**What the exercise asks**
Note on the material below: return exactly the lines from the line that holds "Jeevanthi flaming logo" through the line that holds "SETUP7（セットアップセブン）の「都会的な着こなしに！【United Athle】cotton like", and leave out each picture.

**The input**
********
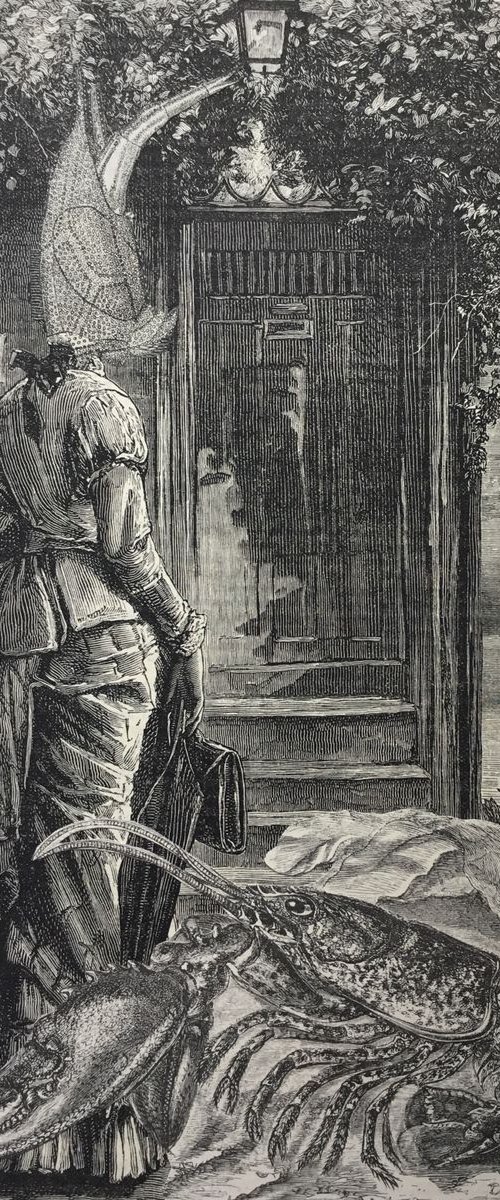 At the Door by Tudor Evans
********
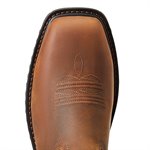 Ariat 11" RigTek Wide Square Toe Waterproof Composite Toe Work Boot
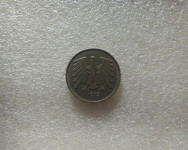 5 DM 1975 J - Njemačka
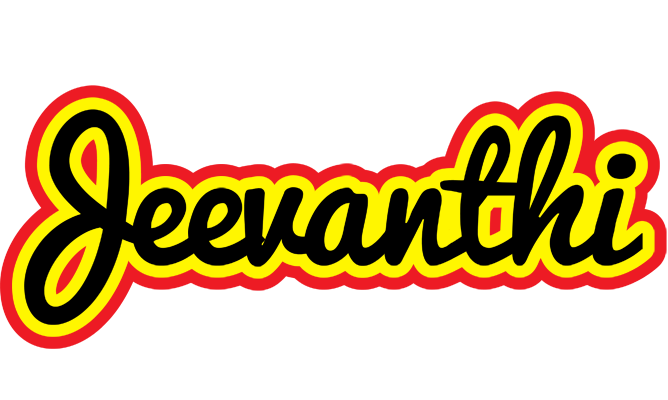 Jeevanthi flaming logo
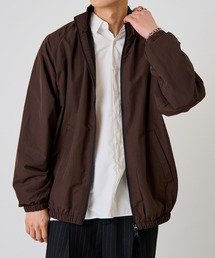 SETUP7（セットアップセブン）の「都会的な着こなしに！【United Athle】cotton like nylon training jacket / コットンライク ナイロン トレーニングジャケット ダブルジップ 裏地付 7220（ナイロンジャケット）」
********
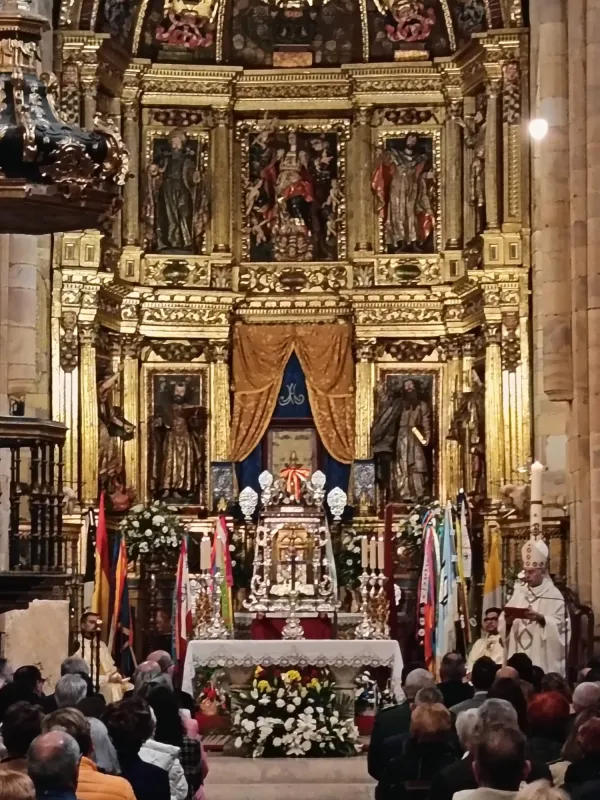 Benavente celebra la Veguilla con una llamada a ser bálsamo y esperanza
********
**Solution to the problem**
 Jeevanthi flaming logo
 SETUP7（セットアップセブン）の「都会的な着こなしに！【United Athle】cotton like nylon training jacket / コットンライク ナイロン トレーニングジャケット ダブルジップ 裏地付 7220（ナイロンジャケット）」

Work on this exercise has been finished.